GM has recalled 778,000 vehicles this month due to an ignition switch defect. The affected models are the 2005 to 2007 Chevrolet Cobalt and 2007 Pontiac G5. A lawsuit stemming from a 2010 accident that killed a woman in Georgia has brought about new information on the defect, which GM allegedly first identified in 2004.
The defect can cause the car’s ignition to switch out of the “on” position causing the engine to cease. This can result in the loss of braking assistance, steering, and airbag deployment. The defect has been linked to 17 injuries and 6 deaths, including the death of two teenage girls in Wisconsin in 2006, in which investigators found that the ignition switch was found in the accessory position and the airbags never deployed.
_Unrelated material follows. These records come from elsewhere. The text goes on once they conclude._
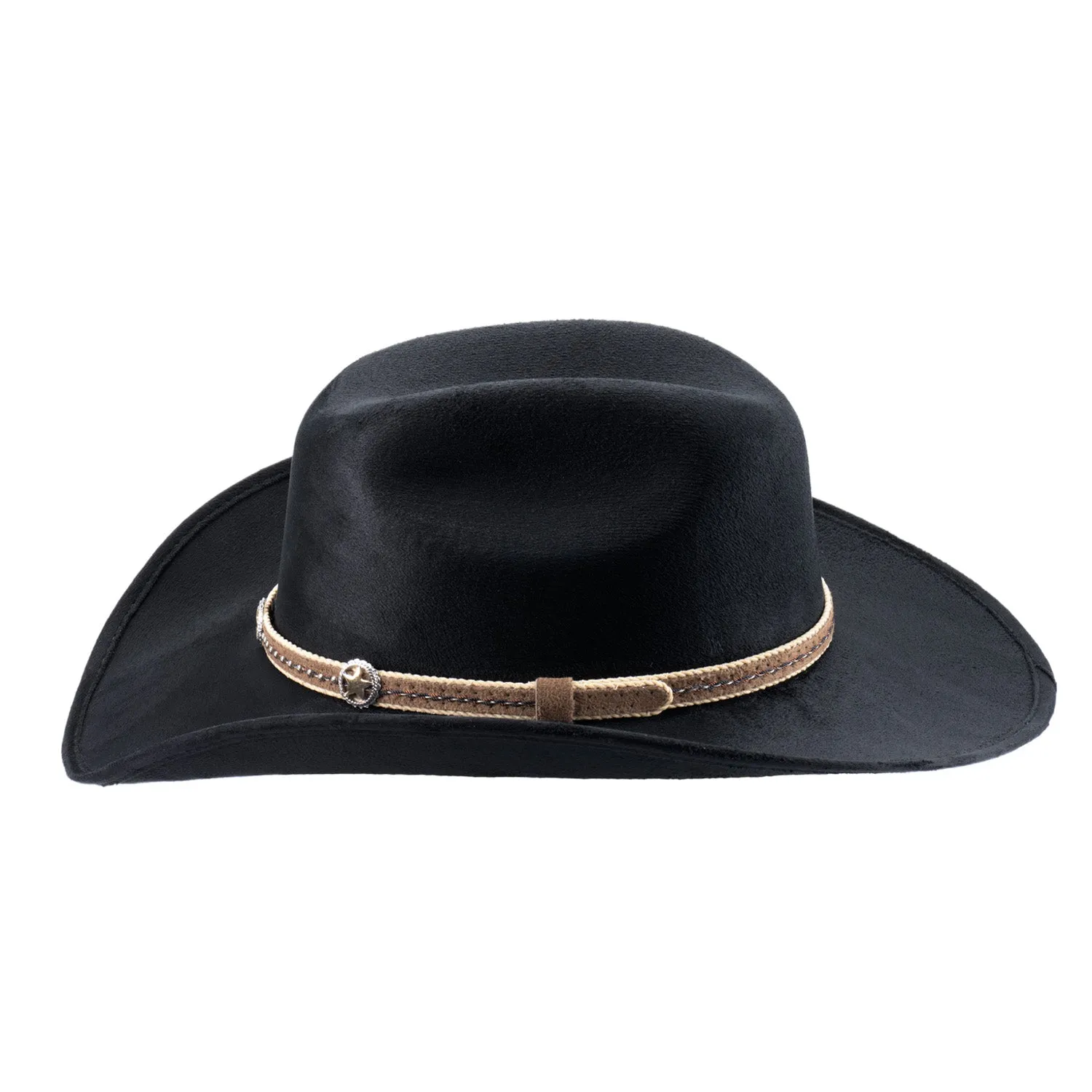 Garland Kids Hat in Black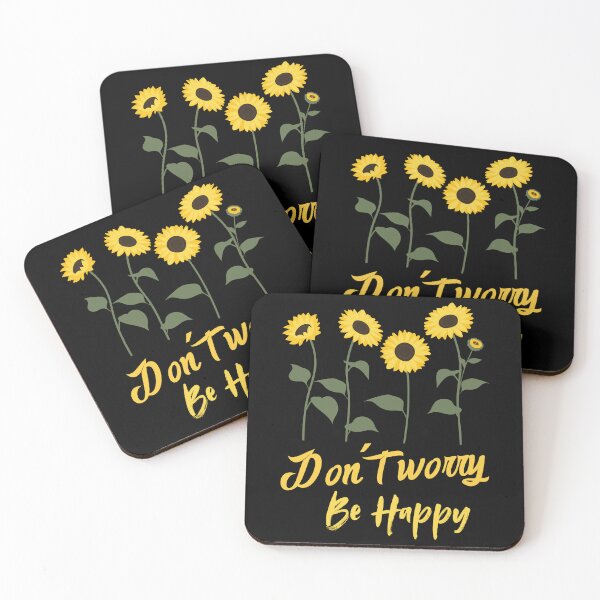 Item preview, Happy sunflowers designed and sold by Silvernuit.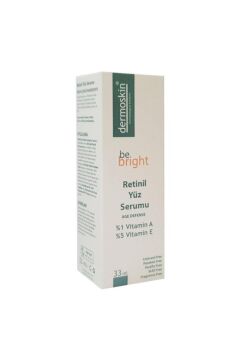 Dermoskin Be Bright Retinil Face 33 ml Yüz Serumu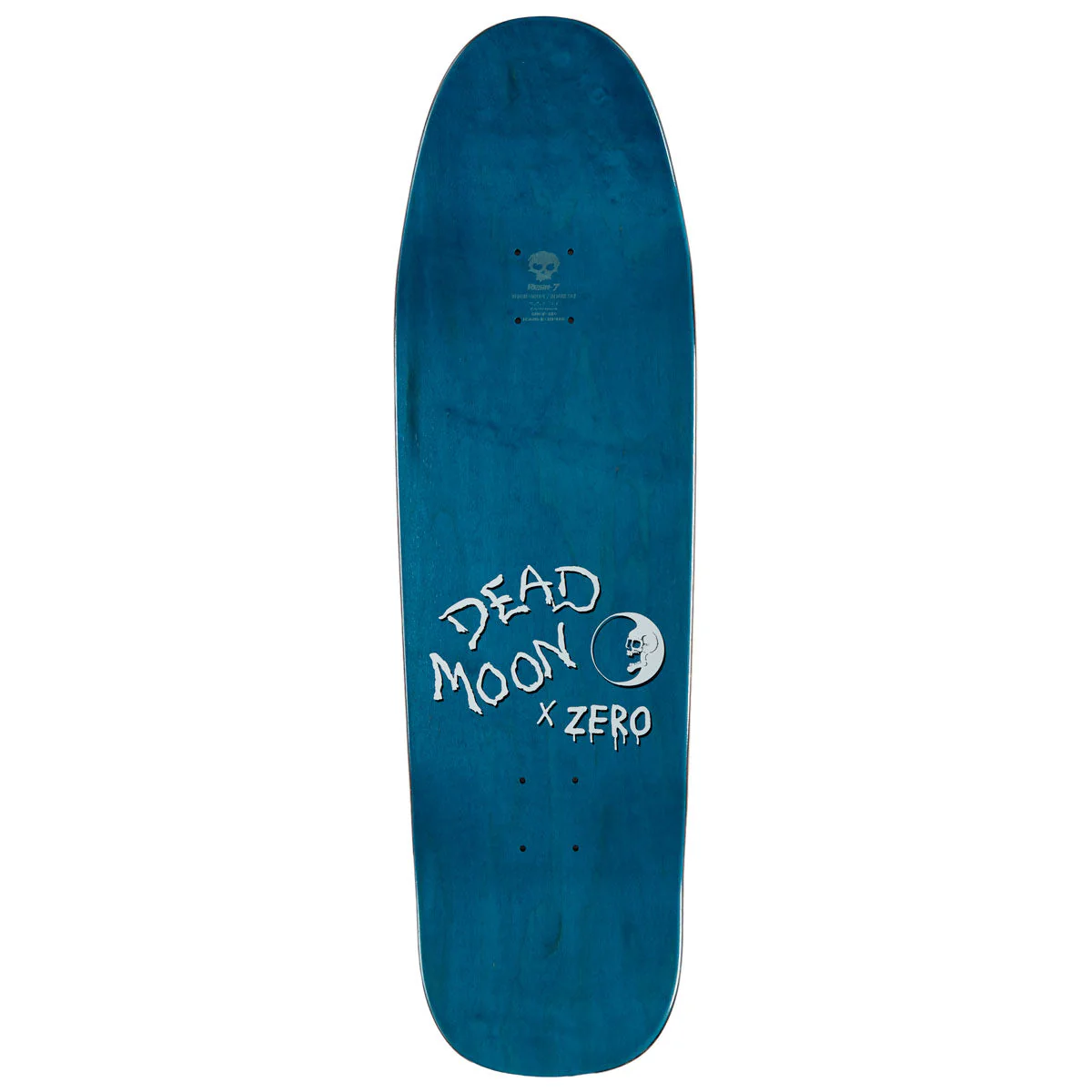 Zero x Dead Moon Strange Pray Tell Skateboard Complete - 9.50" - Image 2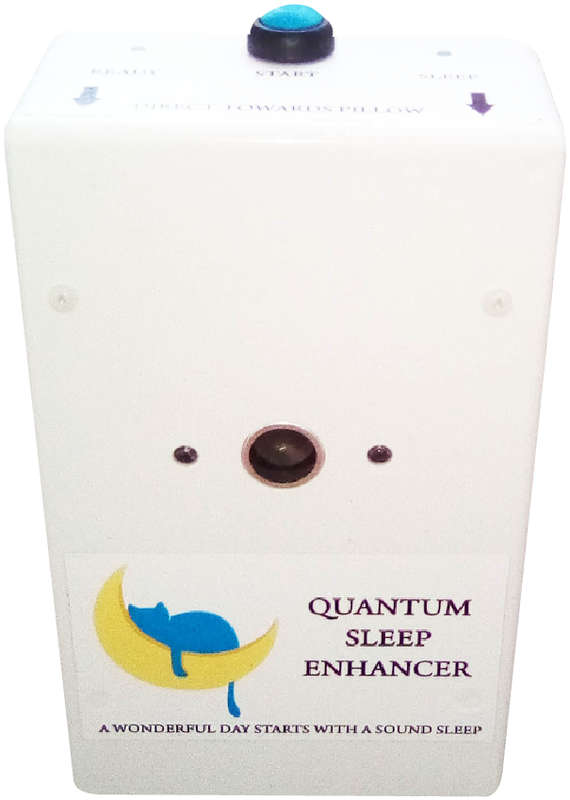 Quantum Sleep Enhancer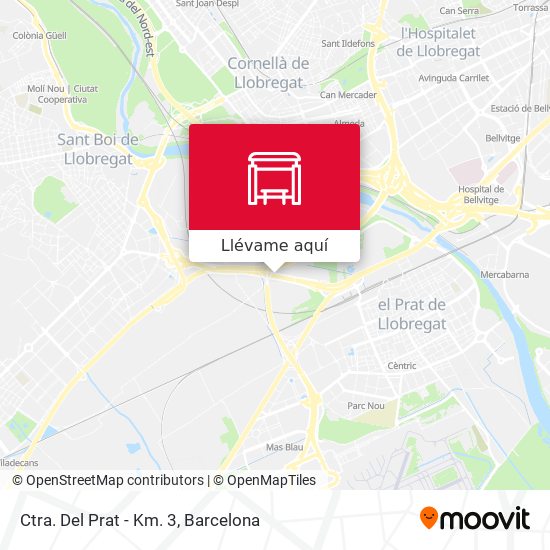 ¿Cómo llegar a Can Torrents en Sant Boi De Llobregat en Autobús, Metro, Tren o Tranvía?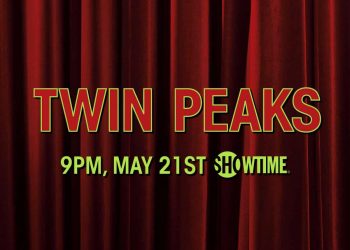 New Twin Peaks Premieres May 21 at 9 PM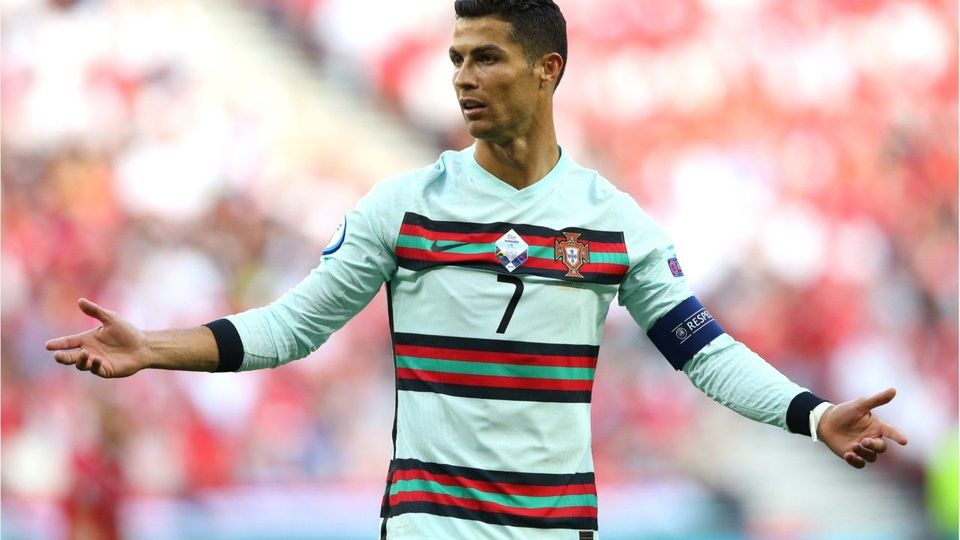 Verluste Bei Coca Cola Wie Wichtig Ist Cirstiano Ronaldo Fur Die Borse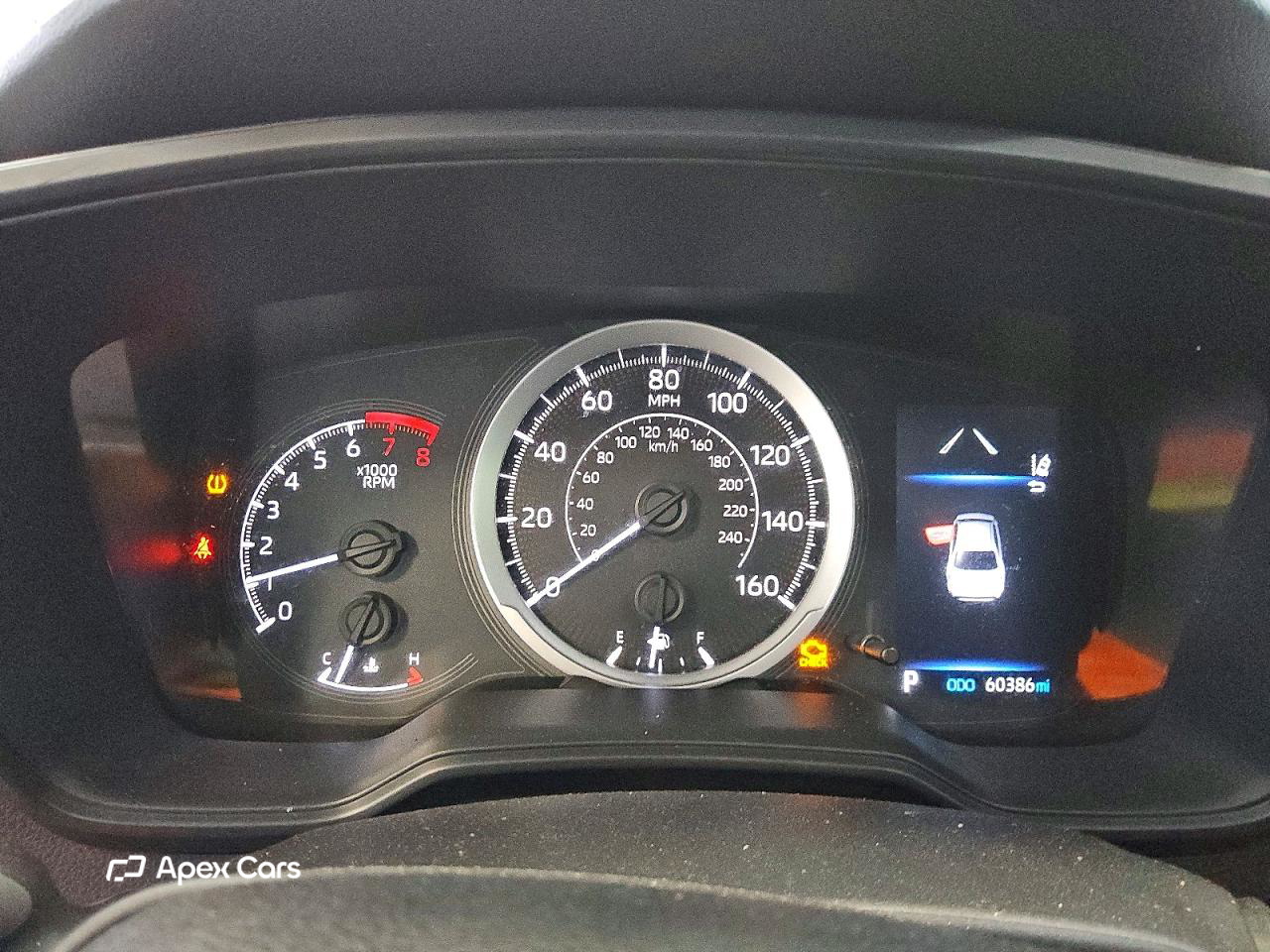 Toyota Corolla 2021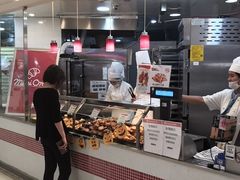 自助取餐区-都恩客(高岛屋百货店)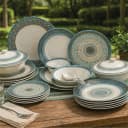 Dinner Set Mosaic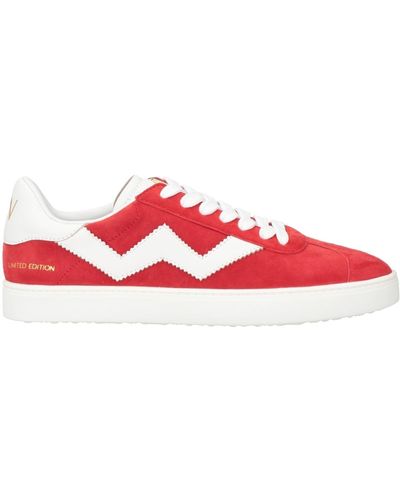 Stuart Weitzman Sneakers - Red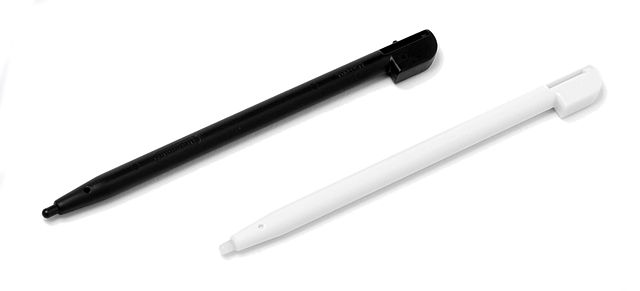 Stylus for the DS Lite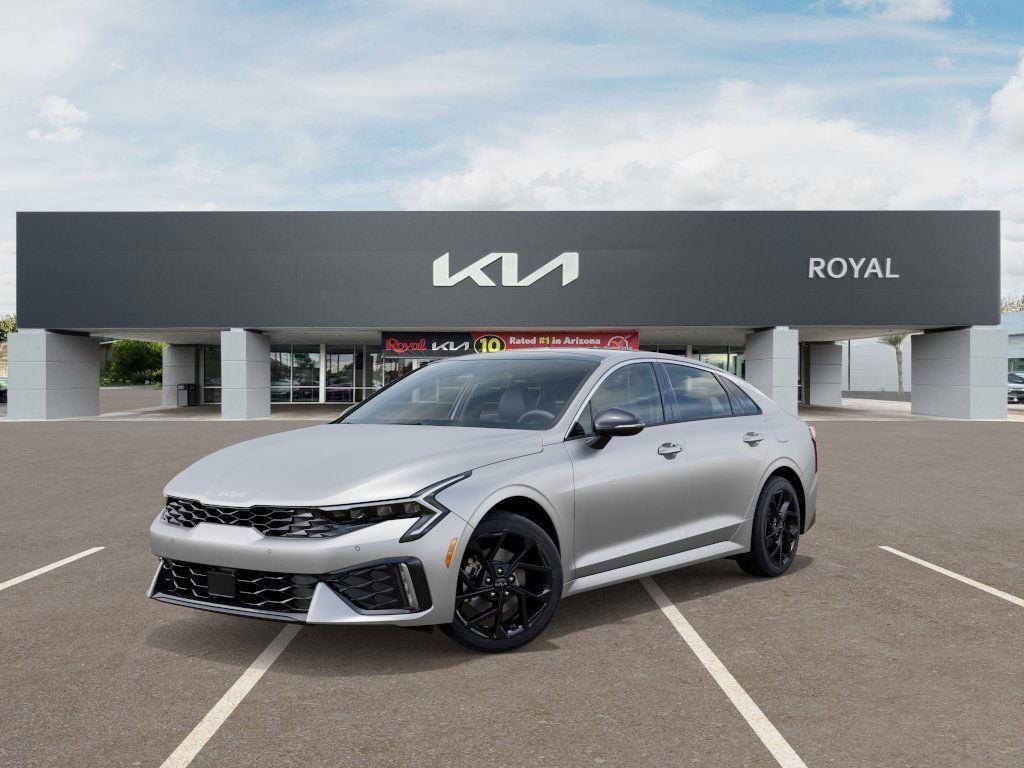 2026 Kia K5 Tucson AZ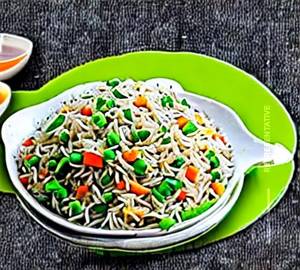 Vegetable Fried Rice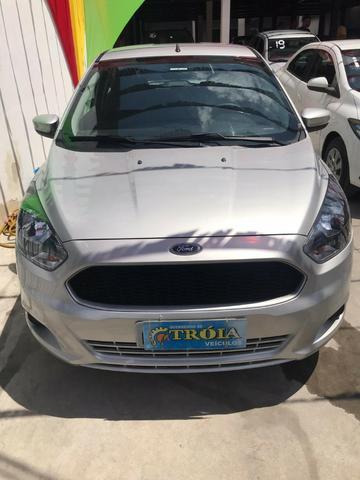 KA hatch 1.0 2017/2018 Entrada a partir de 1.000,00 Fixas de 523,00 - Foto 2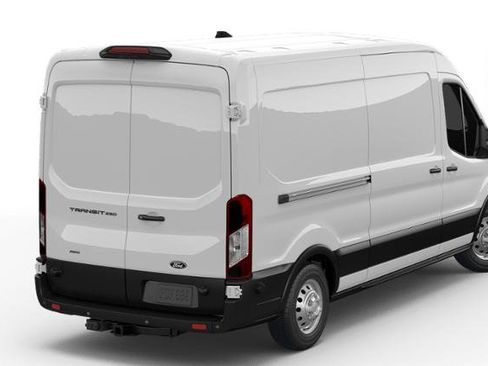 New 2026 Ford Transit 250 Base w/ Load Area Protection Package image 24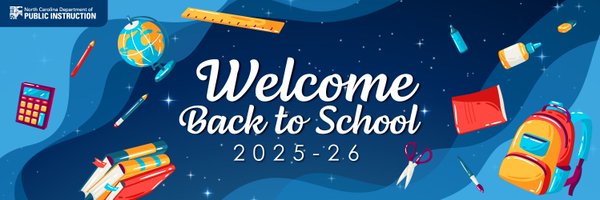 ncpublicschools Profile Banner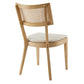 Caledonia Wood Dining Chair Set of 2 By Modway - EEI-6080 | Dining Chairs | Modishstore - 35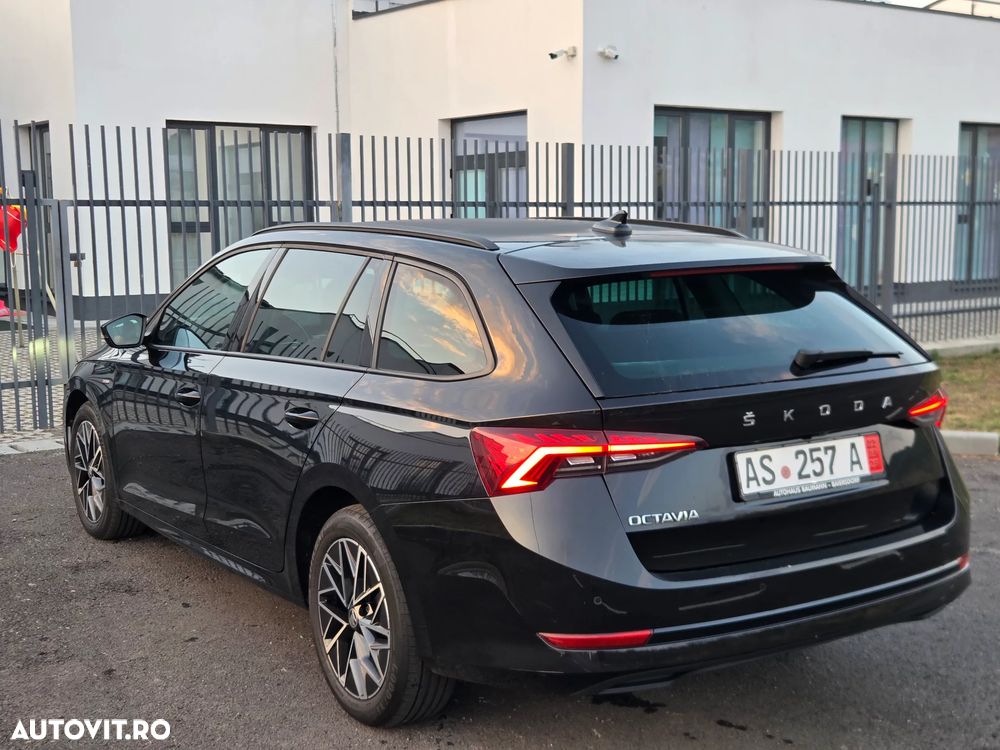 Skoda Octavia 2.0 TDI 150 CP DSG Selection - 10
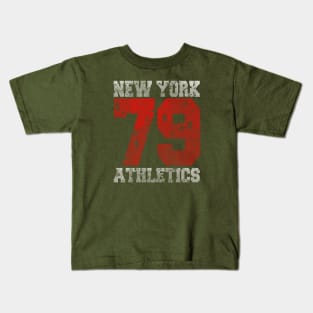 new york Kids T-Shirt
In a response to CBS News on why the recall wasn’t issued a decade ago, the GM said: “The incident rate was very low with no growing trend.”
2005 Chevy Cobalt

The Recalled GM Models

The Cobalt is a compact sedan that was produced for the 2004-2010 model years. There are still more than a half million Cobalts on the roads. While the Cobalt and G5 were the only models recalled to date, the ignition switch defect could affect other models.
GM has not ruled out a wider recall and is in talks with the National Highway Traffic Safety Administration (NHTSA). By law, automakers who fail to report vehicle safety concerns to the NHTSA within five business days are subject to a $35 million fine.
GM models that have not been recalled but were identified in a GM service bulletin to dealers related to defect are the 2006 and 2007 Pontiac Solstice and Chevrolet HHR, the 2007 Saturn Sky, and the 2003 to 2007 Saturn ION. In total, an additional 650,000 cars on the roads may be affected by this potentially fatal product defect.